Dataset content
※

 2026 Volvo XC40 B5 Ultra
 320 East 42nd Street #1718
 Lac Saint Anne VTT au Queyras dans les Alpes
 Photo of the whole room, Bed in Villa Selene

※

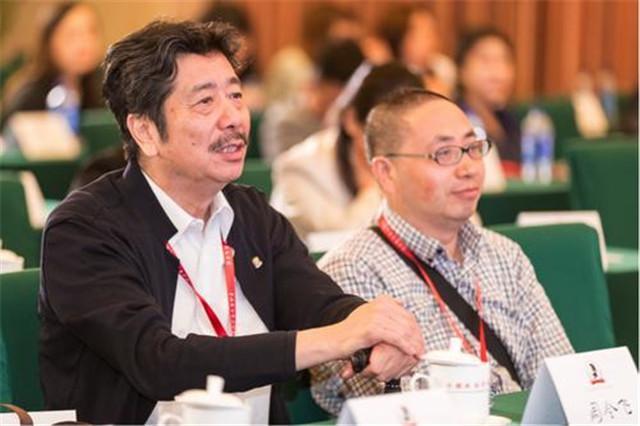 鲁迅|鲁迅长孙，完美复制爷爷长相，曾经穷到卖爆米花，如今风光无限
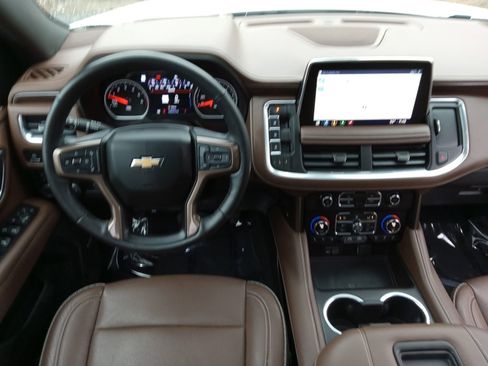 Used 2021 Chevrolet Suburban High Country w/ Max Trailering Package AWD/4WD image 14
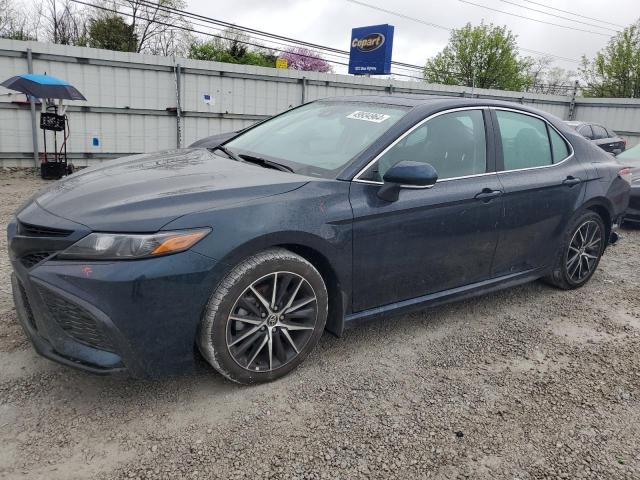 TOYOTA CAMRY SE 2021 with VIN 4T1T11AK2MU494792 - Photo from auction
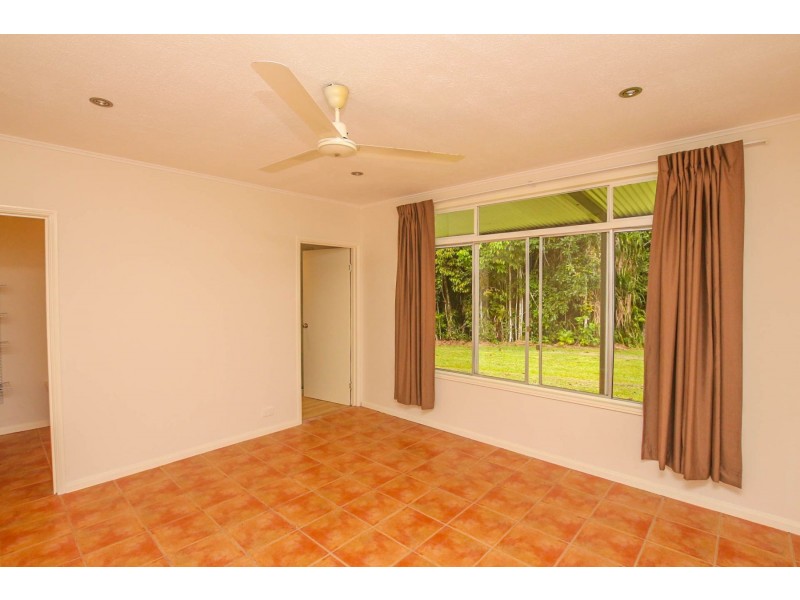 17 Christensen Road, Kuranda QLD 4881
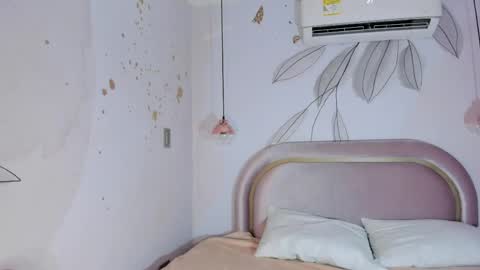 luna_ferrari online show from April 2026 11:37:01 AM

※

Your instructions
Above are the records. Copy word for word only their lines from the one holding "17 Christensen Road, Kuranda QLD 4881" through the one holding "luna_ferrari online show", both included, and skip the images.

Exercise output
 17 Christensen Road, Kuranda QLD 4881
 luna_ferrari online show from April 2026 11:37:01 AM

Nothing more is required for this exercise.